Table of Contents
Assessing speaking is an extremely difficult task. The goal of this review is to see what researchers have to say about speaking assessments and tests. The paper includes an overview of the theoretical models of speaking assessment. A brief review of literature is performed. Implications for teaching practice are provided. The basic idea underlying the current work is that the current state of speaking assessments raises more questions than it can reasonably answer. Therefore, teachers should follow a set of recommendations in order to ensure that the results of their language assessments are valid.
Keywords: assessing, speaking, test, model, language, skills.
Today’s scholars and practitioners in teaching/learning generally agree that, of all macroskills of language, speaking, particularly second-language speaking, is extremely difficult to assess. Assessing speaking is problematic for numerous theoretical and practical reasons. Very often, tests for assessing speaking lack theoretical grounds. At times, such tests also do not fit into the conditions and requirements of the learning process. Subjective characteristics of teachers and examiners have huge impacts on the way students display their language abilities and the way these language abilities are assessed. Therefore, assessing students’ speaking remains one of the greatest challenges facing teachers in the classroom. The goal of this review is to consider the theoretical underpinnings of speaking assessments/tests and understand what contemporary researchers have to say about the major problems surrounding speaking assessments and their implications for teaching.

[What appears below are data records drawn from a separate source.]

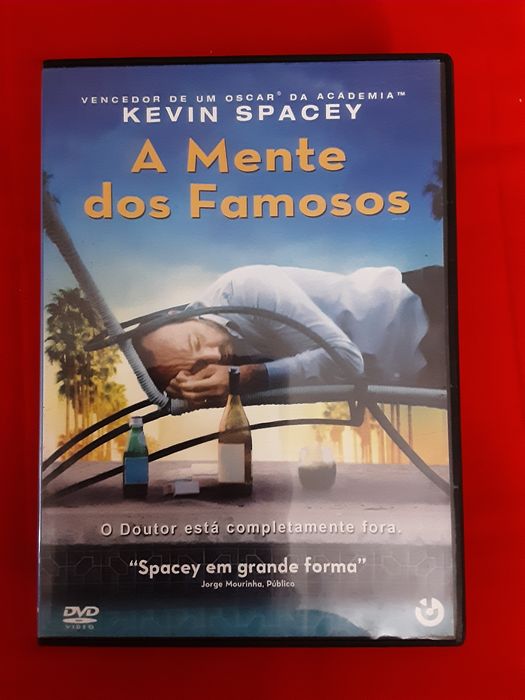 Filmes dvd vários títulos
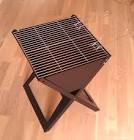 Kolgrillar brikettgrillar - ICA Hemma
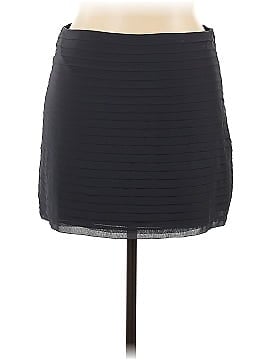 Banana Republic Factory Store Casual Skirt (view 1)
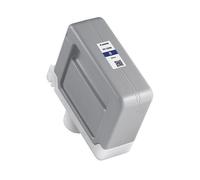 Canon PFI-1300 Blu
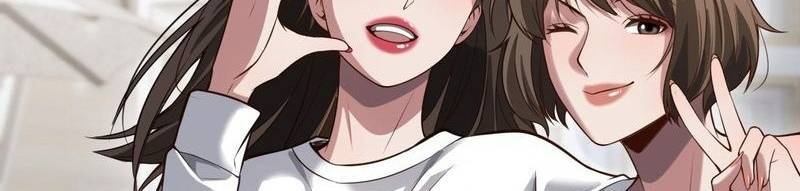 Ta Bị Kẹt Cùng Một Ngày 1000 Năm Chap 114 - Next Chap 115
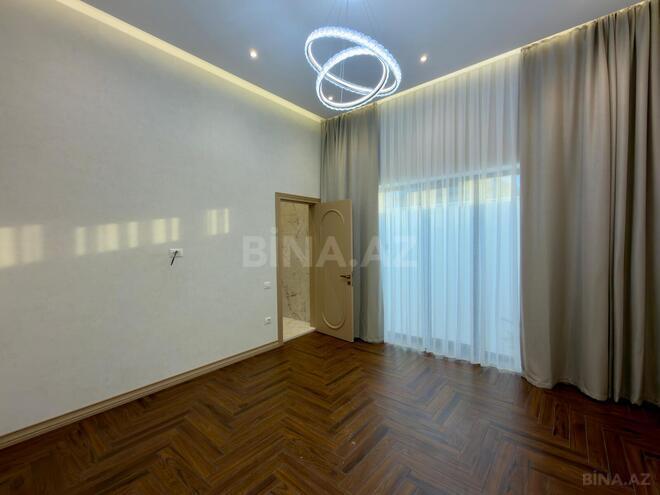 Satılır 4 otaqlı həyət evi/bağ evi 200 m², Şüvəlan q., photo 19 from 24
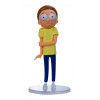 Minix Rick and Morty - Συλλεκτική φιγούρα Morty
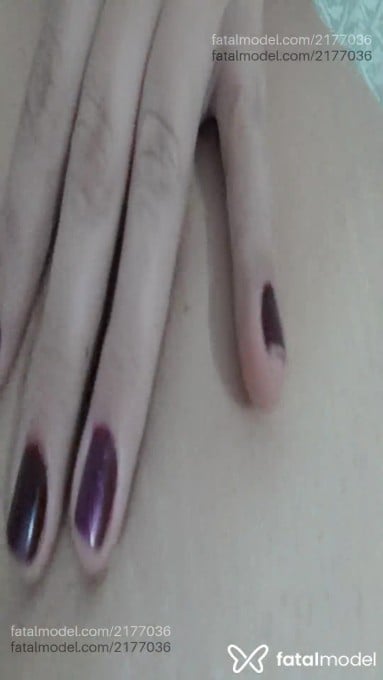 Acompanhante mulher com cabelo grisalho de olhos castanhos em Virtual Acompanhante mulher com cabelo grisalho de olhos castanhos em Virtual - Mônica
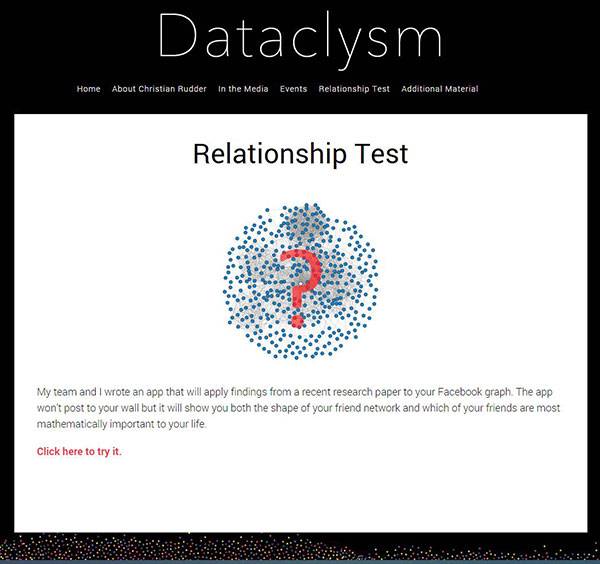 dataclysm-relationship-test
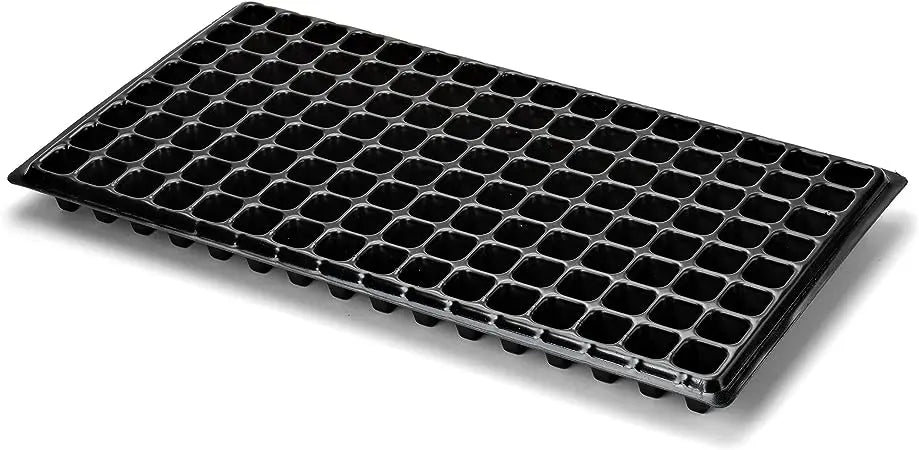 Seedling Tray 128 holes MHB Hydroponics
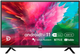 Телевізор UD 32" 32W5210 HD, D-LED, Android 11, DVB-T2 HEVC (TVAUD-LCD0002) - зображення 1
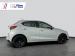 Mazda MAZDA2 1.5 Active 5-Door - Thumbnail 5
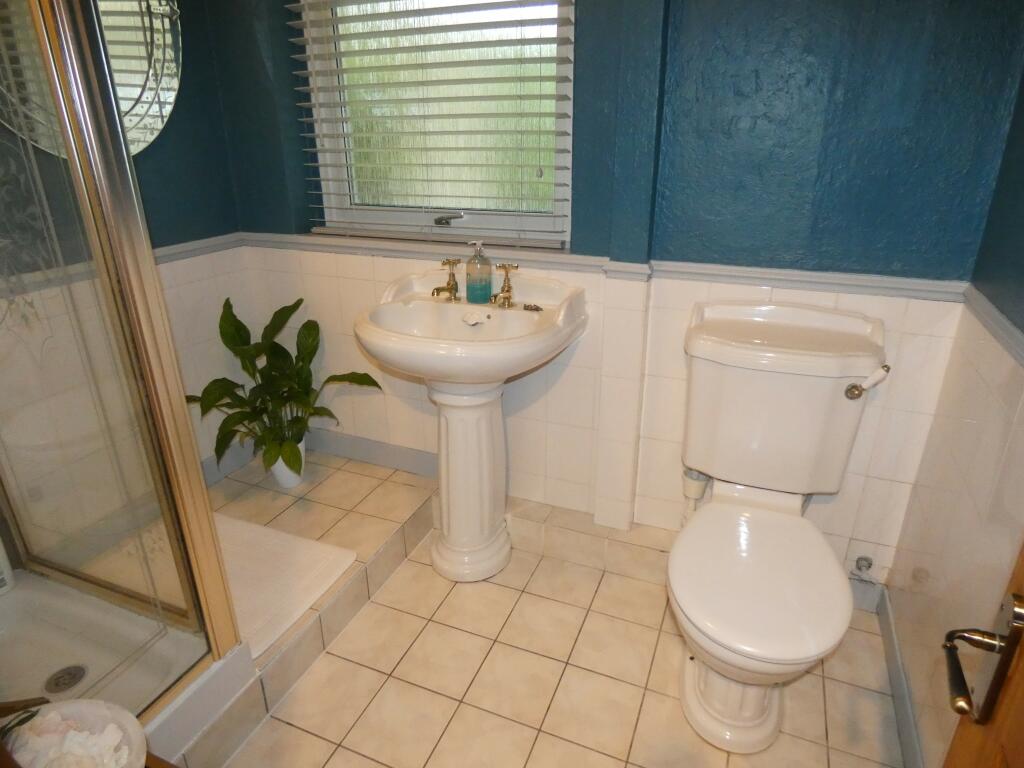 Additional image 11 of Kincorth Circle, Aberdeen, AB12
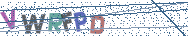 Gib die Buchstaben aus dem Bild ein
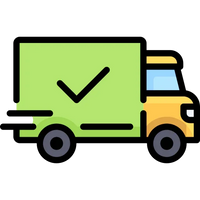 Fast Dispatch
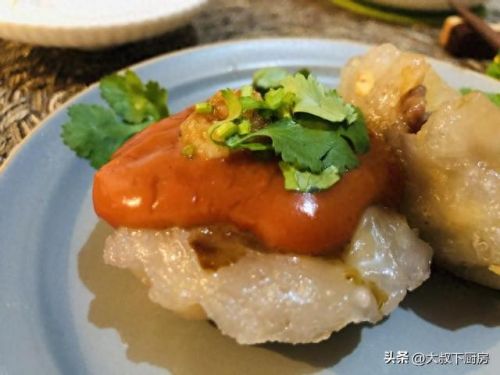 在来米粉(好再来米粉)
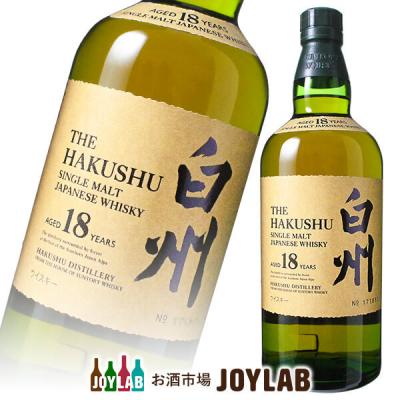 白州 商品一覧 - お酒市場JOYLAB - 売れ筋通販 - Yahoo!ショッピング 白州 商品一覧 - お酒市場JOYLAB - 売れ筋通販 - Yahoo!ショッピング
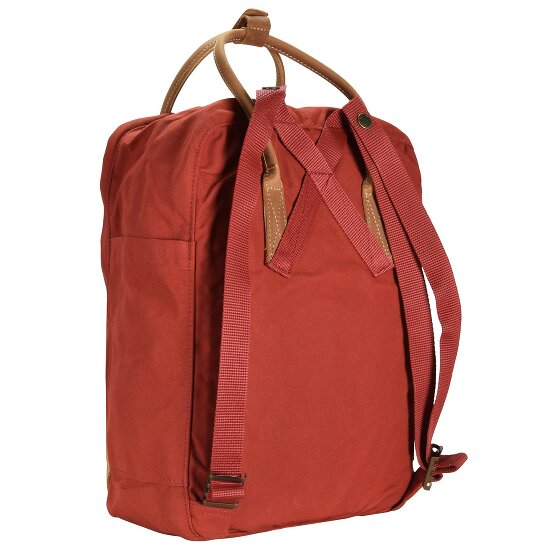 Fjällräven Kanken No. 2 Daypack 27 cm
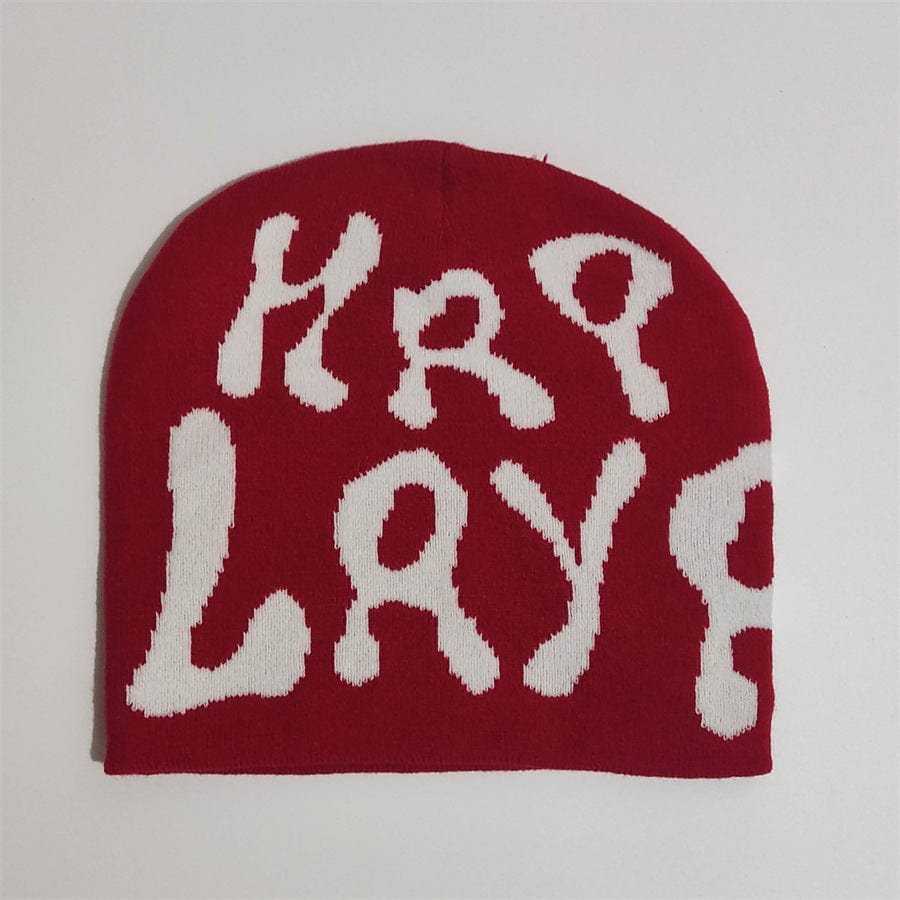 BEANIE-2059
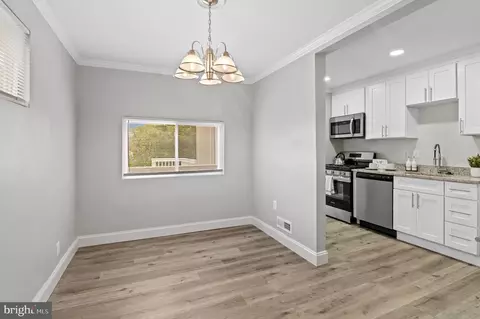 5311 Todd Ave, Baltimore, MD 21206 photo 10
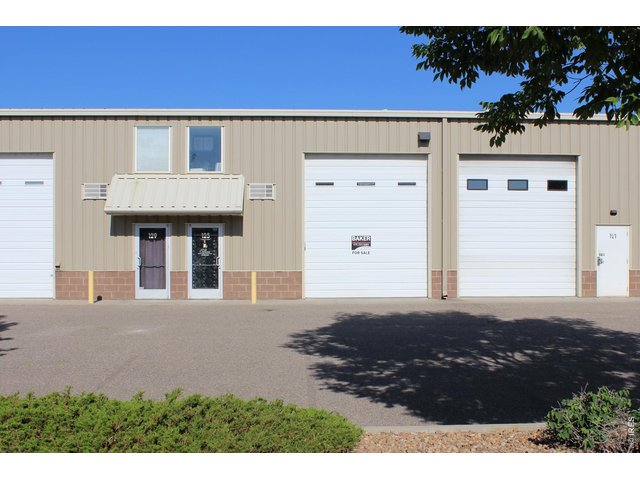 Property Photo 13 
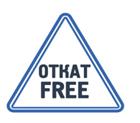 blank.jpg
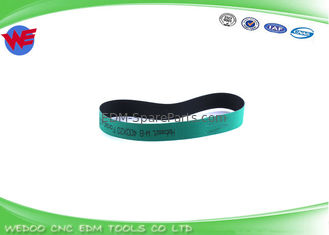 C439 100446880 135016871 ชาร์มิลเลส ชิ้นส่วน EDM สปูลเข็มขัดขับเคลื่อน 20x400mmL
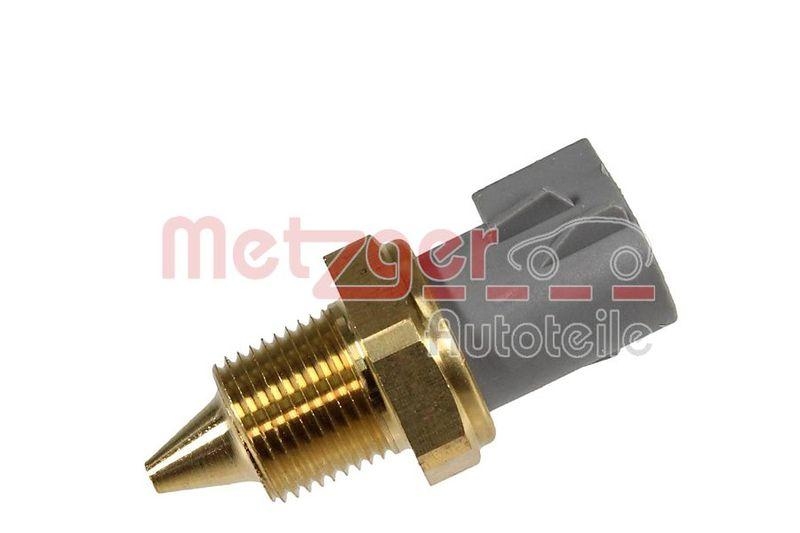 METZGER 0905165 Sensor, Kühlmitteltemperatur für FORD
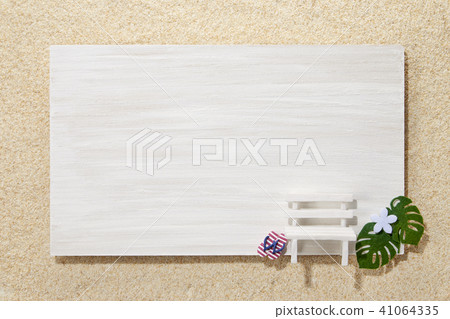 plain wood, unvarnished wood, message board 41064335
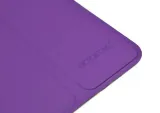 etui-smart-cover-case-tablet-apple-ipad-2-3-4-waga-z-opakowaniem-0-5-kg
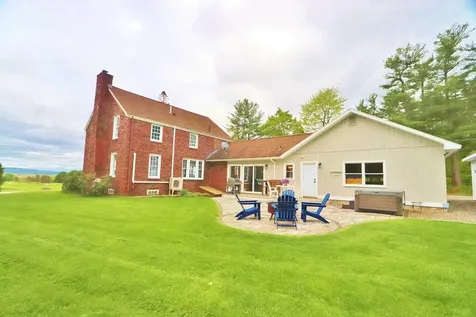 235 Webster Avenue Bangor ME 04401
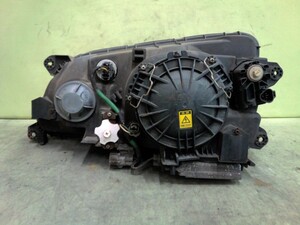 中古トラック部品
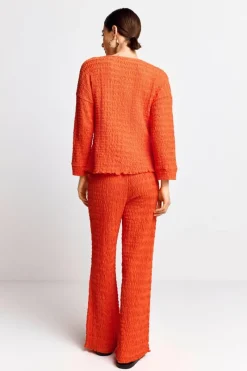 Longsleeve<Rich & Royal New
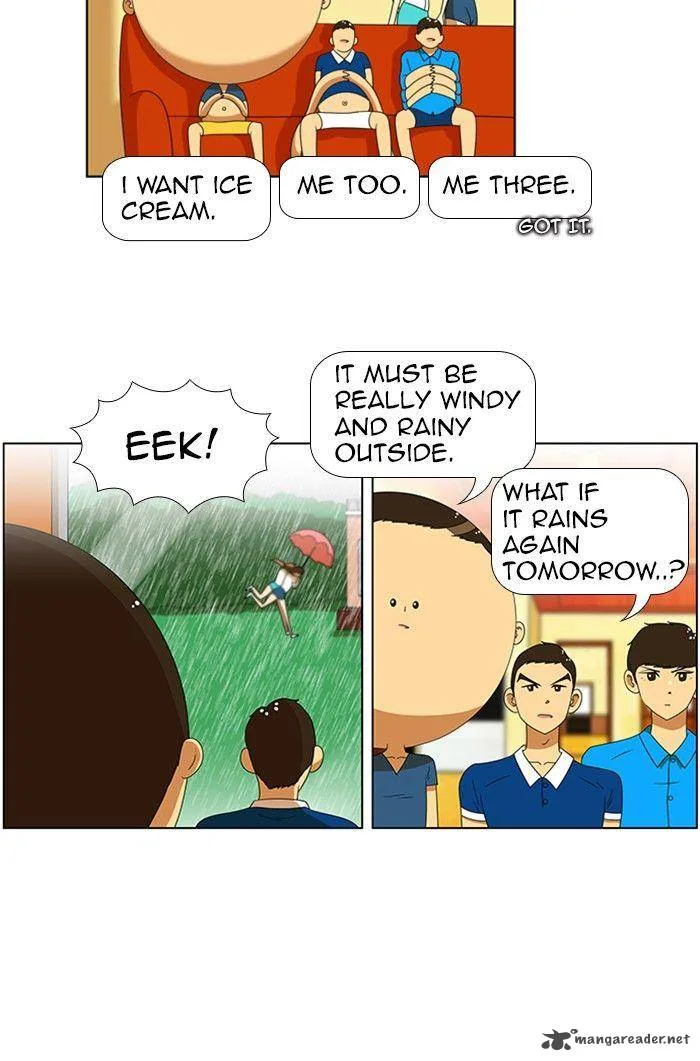 New Normal: Class 8 Chapter 56 page 38
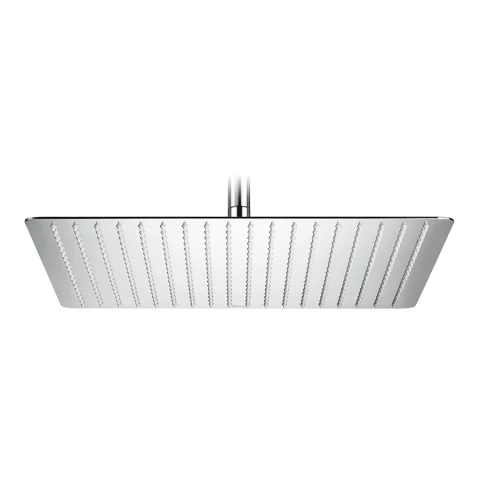 Bát sen trần Roca A5B2850C00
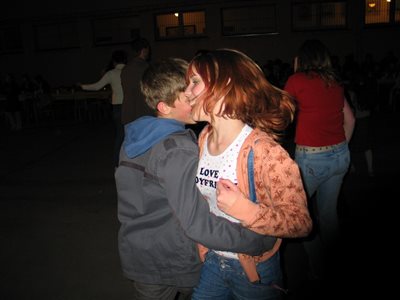 IMG 0057 resize
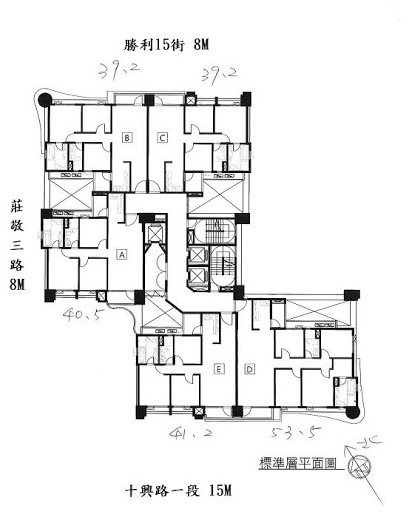 椰林掬全區平面圖0921868694徐人傑%20(2).jpg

Assessing Speaking: Theoretical Insight
Tests and models of assessing speaking represent an interesting object of analysis. According to Brown and Abeywickrama (2010), assessing speaking is a task that is not simply important, but also extremely challenging. These challenges are associated both with the nature of the speaking activity in humans and with the methods used by modern practitioners to assess speaking in children and adults. To evaluate the relevance and efficiency of various types of speaking assessments, the basic types of speaking need to be distinguished. Speaking by itself is the “verbal use of language to communicate with others” (Fulcher, 2003, p.23). Basically, speaking can be imitative, intensive, responsive, interactive, and extensive (Brown & Abeywickrama, 2010). Imitative speaking is one’s ability to imitate someone else’s speaking (Brown & Abeywickrama, 2010). Intensive speaking is about being able to produce short oral stretches of language (Brown & Abeywickrama, 2010). However, responsive speaking takes place when there is an interaction with the interlocutor (Brown & Abeywickrama, 2010). Interactive speaking differs from responsive speaking in that it is longer and always interpersonal; thus extensive speaking involves the delivery of monologues (Brown & Abeywickrama, 2010). These differences in speaking modes, as well as the complexity of the speaking processes, create considerable difficulties for the specialist assessing individual speaking abilities and skills.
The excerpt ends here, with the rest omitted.